How to cite this URL:
Mahajan A, Vaidya T, Gupta A, Rane SU. Authors reply to Pinninti et al., Niyogi and Baheti. Cancer Res Stat Treat [serial online] 2020 [cited 2020 Jul 4];3:136-7. Available from: http://www.crstonline.com/text.asp?2020/3/1/136/279116



We thank Pinninti and Rajappa, Niyogi and Baheti for their interest in our article. As aptly pointed out by Pinninti and Rajappa,[1] artificial intelligence (AI) in healthcare is rapidly gaining importance, with its potential utility being demonstrated across several domains of medicine.[2],[3],[4] However, there are currently limited instances of such techniques being successfully translated into clinical practice. Several challenges need to be addressed before AI is successfully implemented in the healthcare sector.[5] One of the crucial issues highlighted by them is that the objective comparison of algorithms across studies poses a challenge due to each study's performance being reported using variable methodologies on different populations with unique sample distributions and characteristics. Unless this issue is overcome, it is difficult for physicians to determine which algorithm can be applied to obtain maximum benefit for their patient population. Another pertinent issue raised by them is the pressing need to develop regulatory frameworks to deploy AI algorithms in a secure and effective manner. Owing to the continuous advancements in the field of healthcare, it is necessary to develop performance monitoring tools/programs to continually calibrate models using human feedback to identify performance deficits and correct these for greater benefit.

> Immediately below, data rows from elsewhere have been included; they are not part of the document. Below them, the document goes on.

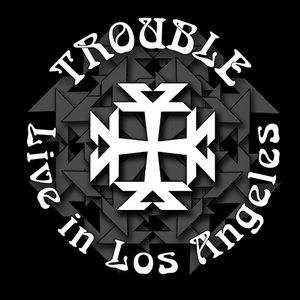 Live in Los Angeles , Trouble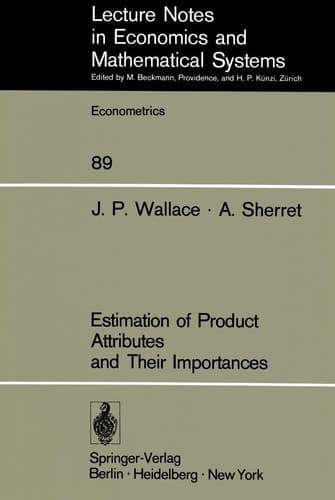Estimation of Product Attributes and Their Importances (Lecture Notes in Economics and Mathematical Systems, 89)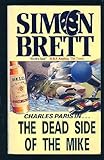 The dead side of the mike
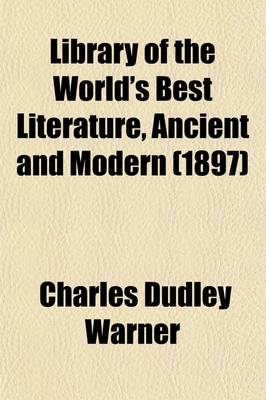 Book cover for Library of the World's Best Literature, Ancient and Modern (Volume 9)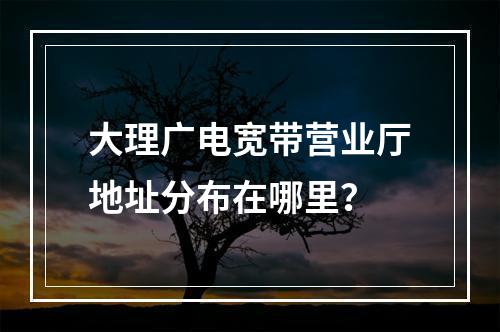 大理广电宽带营业厅地址分布在哪里？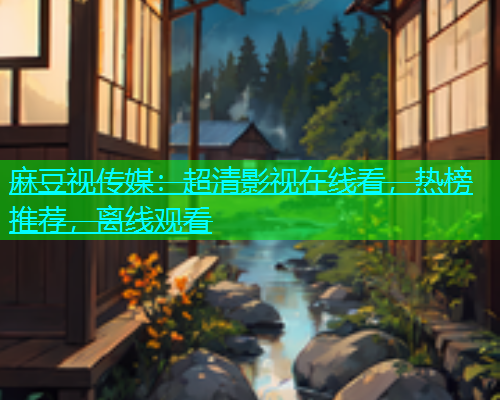 麻豆视传媒：超清影视在线看，热榜推荐，离线观看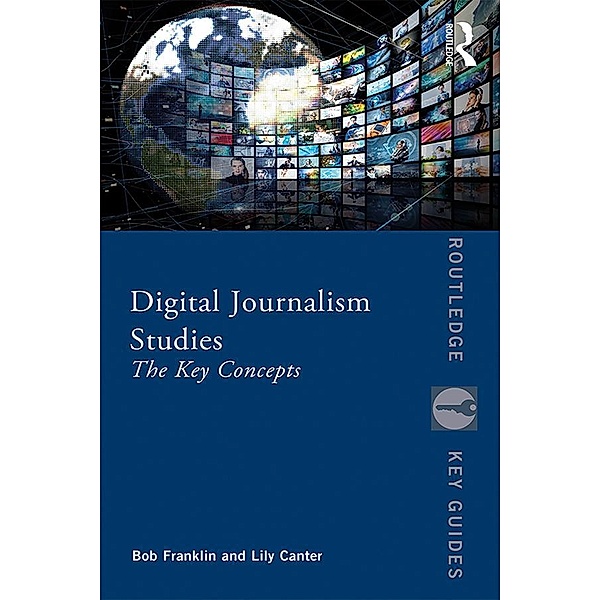 Digital Journalism Studies, Bob Franklin, Lily Canter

With AI poised to establish itself at the forefront of the health sector, it is certainly natural for physicians to wonder: Is AI coming for my job? This point is rightly raised by Niyogi;[6] without a doubt, AI is in a prime position to alter clinical workflow, but its role would be to serve as more of a tool rather than a threat to health professionals, such that they would potentially derive benefit from its pattern recognition and predictive abilities. Thus, we would like to believe that the term 'augmented intelligence' is more apt considering its potential to improve physician accuracy, reduce errors in diagnosis and serve as an incredible asset to underserved regions with limited access to healthcare.

The comments by Baheti highlight the pressing concern of the entire scientific community regarding data ownership and privacy.[7] Often, data custodianship is mistaken for data ownership. While the organization and/or the practitioner who get access to the patient data as a part of routine care have definitely been given consent (written or implied) by the patient to 'hold' their data for the purpose of their care, extending this consent to using or sharing data (anonymized or otherwise) for any additional purpose is not discussed routinely with the patient. Furthermore, once acquired (through additional consent or through a consent waiver authorized by the institutional ethics committee), there is no effective check in place or mandate to make the data and results publicly available to the community at large.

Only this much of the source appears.